Sexual Etiquette
1. Don't drop your used condoms on the floor...or place them on the windowsill...or put them ANYWHERE really BUT the garbage-in college my roommate's boyfriend used to leave his condoms on the windowsill to petrify in the sun-I am still scarred by the experience
2. If you have to ask if I came, the answer is no.
3. If I say no to something the first time, I am not going to say yes after you harass me with the same question fifteen times like some kid in a supermarket trying to get his mom to buy two types of sugar bomb cereal. In fact, every time you ask me to do this thing, I will remove an item off the list of things I
was willing to do with you.
4. Do not jump up immediately after sex. Much like the courtesy bumper between a law and order episode and a commercial, sex, even the very worst, deserves at least a moment of considered silence before making an escape.
5. Leaving marks is ok, but do it on places easy to cover. A giant hickey on the end of my nose is not appreciated.

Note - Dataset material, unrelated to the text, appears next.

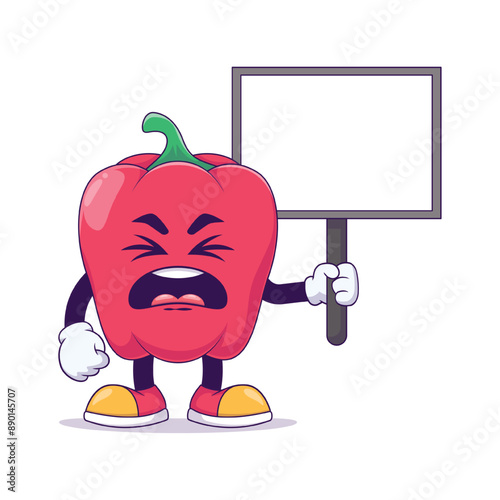 disgust or sneezing red bell pepper cartoon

6. You should not consider watching your dog drink out of the toilet a tutorial on how to perform oral sex.
7. You don't like teeth near your privates? Neither do I.
When I originally wrote this post I had three other rules, but then the post mysteriously disappeared unsaved and now I can't remember what those other three are. Maybe you all can help me out? What say you to the things a person absolutely should NEVER do in bed?